My theory is that what makes Aikman such an insufferable voice is two-fold: He’s assigned to the very best games Fox carries despite providing no actual insight, and he has a bad tendency to simply re-state what the entire country has just witnessed. While maddening, it didn’t fall into any of the categories of this experiment. He’s rarely wrong and rarely says something totally ridiculous.
Still, Aikman can be prone to gaffes. He forgets players’ names (“I’m thinking of the punishment of … uh, who am I thinking about here …? Dez Bryant.”) and has a legendary capacity for unnecessarily doubling sentence lengths (“Hard to complain about getting the ball and those types of things when you don’t make those types of plays;” “If the defense can hold here on third down and not give up any points, I mean that would be a great possession for them in keeping this short of the Cowboys having to get a touchdown.”) or offering circular explanations (“Eventually, he’s going to break one like he just did.”; “The way that they’ve been able to run the football the way they have.”). The most exemplary instance of the Aikman vernacular was when he began a sentence with the phrase “Yeah no I mean hey.” Five words of complete and total uselessness.
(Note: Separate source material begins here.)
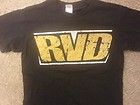 Rob Van Dam Official TNA T Shirt Black The Whole Fn Show RVD WWE 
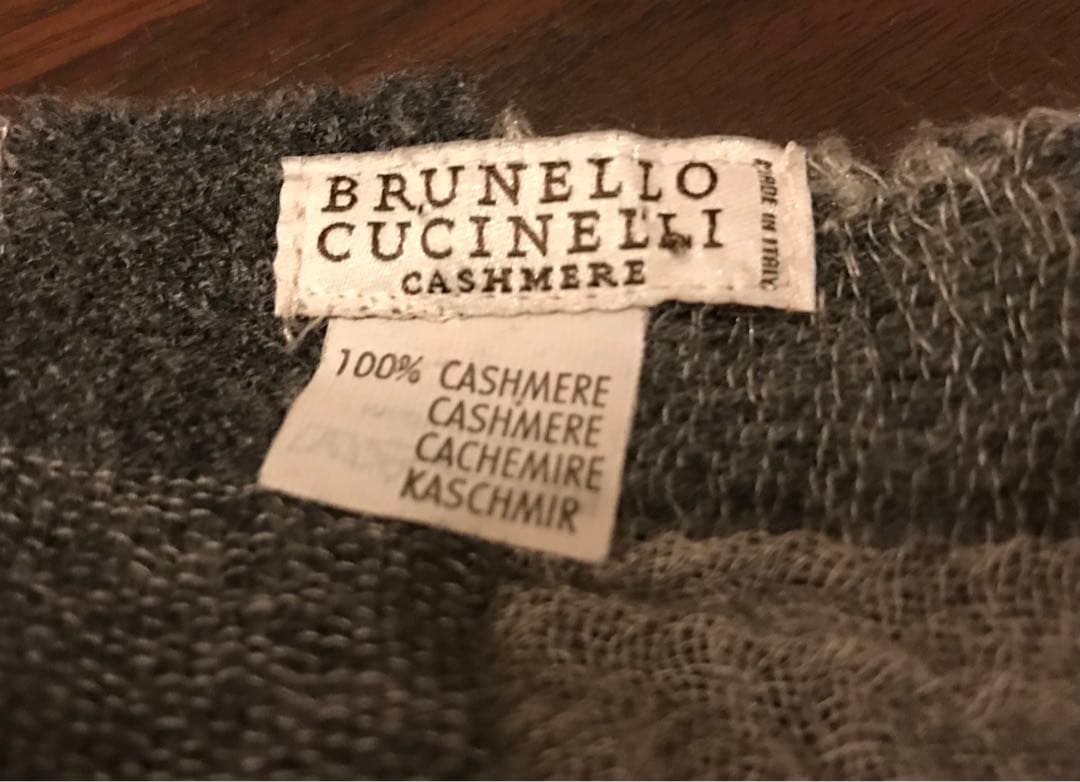 【BRUNELLO CUCINELLI】カシミヤ・ストール★値下げいたしました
Similar things are said by fans about half of the top-rated prime time announcers, NBC’s Al Michaels and Cris Collinsworth:
They’re generally regarded as one of the best in the business, and I agree. Collinsworth is articulate and gives more useful insight than any other commentator, and it’s not even close. But this metric isn’t measuring that. We only want the dirt.
When this crew screws up, it’s because they’re bending over backwards to compliment a superstar or head coach. There’s something about authority and superstardom that makes these two more excited than a creepy old man at a Pilates class. It takes away from what is otherwise a well-called game.
Then there’s the ESPN crew of Mike Tirico and former Packer assistant coach Jon Gruden:
ESPN crews have a historically tough time balancing a vague mandate for general entertainment with calling an actual football game. Gruden, with his 29 infractions, can’t find the sweet spot between impersonating a caricature of a football coach and being a real person. Surprisingly, I counted only one “this guy” over two games. He still leans a bit heavy on “this kid,” though, with seven such utterances.
Some other Gruden quirks: He refers to third-down stops as “get-offs,” which sounds vaguely sexual. Here’s a deranged thing Gruden said:
“People forget Luck didn’t come into a great situation. He had to succeed a guy named Picket Manning. His coach had leukemia. But he went 11-5 and threw for 4,500 yards anyways. How do you top that?”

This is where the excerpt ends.